Meeting notes for Advent Meditation I

We focused on the idea of “concentration without effort”, beginning on page 8 of MoTT. This is the first thing to learn.

So we learned an effortless concentration exercise that can be done at any time. During the week, we are to try this exercise whenever we pass through a doorway of any type. During those moments, we can observe the automatic movements of thoughts, images, passions, personal desires, and other mental perturbations. The idea is to develop the ability to consciously direct attention, rather than to allow our attention to be randomly attracted.

We can observe, then, what happens to mental perturbations while we are directing attention. Is there Silence where there was previously “noise”? We can learn to maintain this concentration for longer periods, as described on page 11:

To begin with there are moments, subsequently minutes, then “quarters of an hourfor which complete silence or “concentration without effort” lasts. With time, the silence or concentration without effort becomes a fundamental element always present in the life of the soul.

This concentration exercise is always available to us whenever we remember to try it.

We touched on higher forms of concentration, as outlined by Mary of Agreda in The Mystical City of God

Man’s mind is rapt by God to the contemplation of the divine truth in three ways:

  1. He contemplates it through certain imaginary pictures.
  2. He contemplates the divine truth through its intelligible effects.
  3. He contemplates it in its essence.

Now when man’s intellect is uplifted to the sublime vision of God’s essence, it is necessary that his mind’s whole attention should be summoned to that purpose in such a way that he understands nothing else by phantasms, and is absorbed entirely in God.

These are related to the stages of prayer: vocal prayer, mental prayer, and unceasing prayer.

Concentration on mental images or thoughts are forms of meditation.
Concentration that is beyond images and thoughts is contemplation.

Advent Meditation 1

Valentin Tomberg, in Letter II, refers to the “second birth” as Christian Yoga.
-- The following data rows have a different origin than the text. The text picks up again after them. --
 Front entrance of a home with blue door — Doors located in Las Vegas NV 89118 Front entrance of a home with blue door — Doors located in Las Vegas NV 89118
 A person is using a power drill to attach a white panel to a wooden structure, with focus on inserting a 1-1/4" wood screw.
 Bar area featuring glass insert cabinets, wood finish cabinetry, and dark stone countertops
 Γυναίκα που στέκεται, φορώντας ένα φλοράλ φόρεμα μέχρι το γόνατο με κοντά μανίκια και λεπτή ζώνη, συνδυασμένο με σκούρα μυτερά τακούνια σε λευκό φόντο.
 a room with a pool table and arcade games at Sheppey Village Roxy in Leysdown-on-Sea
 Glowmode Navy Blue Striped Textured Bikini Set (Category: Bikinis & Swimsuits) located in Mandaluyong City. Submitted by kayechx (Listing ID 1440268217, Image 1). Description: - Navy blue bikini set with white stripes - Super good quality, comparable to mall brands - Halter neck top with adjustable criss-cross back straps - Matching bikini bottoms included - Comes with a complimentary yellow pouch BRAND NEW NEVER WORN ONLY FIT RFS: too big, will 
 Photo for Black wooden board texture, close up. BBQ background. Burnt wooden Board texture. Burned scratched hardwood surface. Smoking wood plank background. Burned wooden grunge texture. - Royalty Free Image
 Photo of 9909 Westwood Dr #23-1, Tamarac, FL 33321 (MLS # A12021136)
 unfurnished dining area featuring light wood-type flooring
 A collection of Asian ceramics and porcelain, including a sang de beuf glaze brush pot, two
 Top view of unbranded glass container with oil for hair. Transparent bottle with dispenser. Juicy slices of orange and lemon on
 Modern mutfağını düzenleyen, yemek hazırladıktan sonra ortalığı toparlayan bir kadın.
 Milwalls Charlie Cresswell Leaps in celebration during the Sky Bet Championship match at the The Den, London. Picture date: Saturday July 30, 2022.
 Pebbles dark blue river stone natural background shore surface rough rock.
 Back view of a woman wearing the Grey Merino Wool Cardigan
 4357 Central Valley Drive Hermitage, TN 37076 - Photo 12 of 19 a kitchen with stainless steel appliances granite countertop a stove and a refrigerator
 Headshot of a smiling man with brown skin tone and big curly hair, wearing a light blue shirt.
Hence, the elements of Christian Yoga are analogous to the stages of yoga described by Patanjali in the Yoga Sutras. In Letter XVI, The Tower of Destruction, these stages are related to the three stages of the spiritual life described by St. John of the Cross. Hence, we have this schema relating the yoga stages in three languages:

Stages of Christian Yoga
Sanskrit Greek English Spiritual Life
Dharana Catharsis Concentration Purification
Dhyana Theoria Meditation Illumination
Samadhi Theosis Contemplation Mystical Union

Tomberg contrasts the Vedantic ideal with the Christian goal. The former, he says, leads to the extinction of consciousness, whereas the Christian goal is the “unity of two”. For more on the differences between Yoga and Christianity, see Studies in the Psychology of the Mystics by Joseph Marechal, S.J, so we needn’t be concerned about that topic at this point.

The Greek Mystic Nicholas Cabasilas in The Life in Christ explains that there are three obstacles to theosis. These are:

  1. Nature. The Divine nature is different from human nature.
  2. Sin. A will corrupted by evil separate us from God.
  3. Death. In the mortal body, we can see only the dim reflection in the mirror; in this state our bodies are dominated by sense life.

These obstacles are overcome by the following historical events respectively:

  1. Incarnation. This unites the human and divine natures in one person.
  2. Crucifixion. The leads to the forgiveness of sins.
  3. Resurrection. This overcomes death and the attraction to sense life.

Cabasilas relates these ideas to the effects of the sacraments, or mysteries, with the aim of salvation. The esoteric path aims beyond this to liberation. That aim is union while still in the mortal body:

  1. Purify our soul so it becomes the perfect reflector of the Holy Spirit.
  2. Expose our false sense of I, replaced with the mind of Christ.
  3. Move from a life of instinct to a life of intelligence and love.

Hence, we begin the process of purification by learning to concentrate.